The first derivative of a function is a fundamental concept in calculus. It represents the rate at which the function's value is changing at any given point. When you differentiate a function, you are essentially finding how the function behaves or changes as the input changes. In the context of our exercise with the function \( y = x^2 - x \), we compute the first derivative to be \( y' = 2x - 1 \).

• When \( y' > 0 \), the function is increasing.
• When \( y' < 0 \), the function is decreasing.
• When \( y' = 0 \), we have a potential critical point.

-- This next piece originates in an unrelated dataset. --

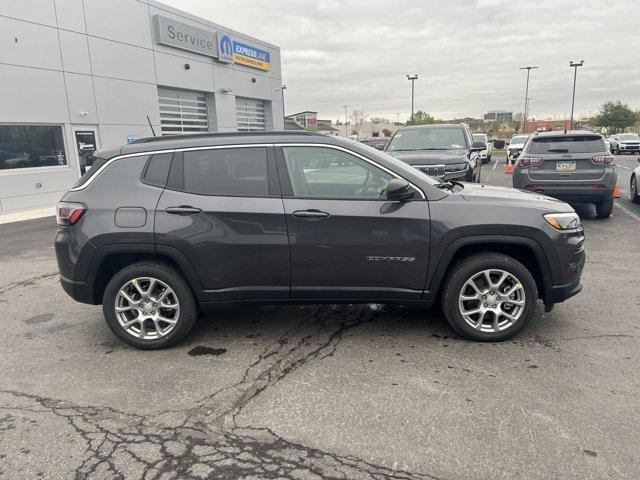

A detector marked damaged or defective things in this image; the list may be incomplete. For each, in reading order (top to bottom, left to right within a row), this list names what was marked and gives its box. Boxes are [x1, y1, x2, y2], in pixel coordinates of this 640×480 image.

asphalt crack [0, 306, 440, 478]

Finding where the first derivative equals zero is crucial because it helps locate critical points, which are the potential site of local maxima or minima. In our example, setting \( y' = 0 \) provides us with \( x = \frac{1}{2} \), indicating that this is a critical point where further analysis is needed.

The second derivative provides insight into the concavity of the function: whether the graph is curving upwards or downwards. This is essential to determine the nature of the critical points found using the first derivative. For the function \( y = x^2 - x \), the second derivative is \( y'' = 2 \).

• If \( y'' > 0 \), the function is concave up, suggesting a local minimum.
• If \( y'' < 0 \), the function is concave down, suggesting a local maximum.

Applying the second derivative test at the critical point \( x = \frac{1}{2} \) tells us \( y'' = 2 \), which is positive. This means the curve is concave upward at \( x = \frac{1}{2} \), indicating a local minimum. Therefore, the second derivative test confirms that we have a local minimum at this critical point.

Critical points are the places on a curve where the function's rate of change is zero, identified by setting the first derivative to zero. These points are pivotal in finding local extremes such as maxima or minima. In this exercise, \( x = \frac{1}{2} \) is established as a critical point.
However, not all critical points result in local maxima or minima. After pinpointing these points, we need further evaluation to ascertain their nature using the second derivative.
Ultimately, knowing the location and type of critical points helps in understanding the behavior of the function's graph—where it reaches peaks, troughs, or points of inflection. Addressing these points liberates us to find values like \( (\frac{1}{2}, -\frac{1}{4}) \), representing the local minimum of the function.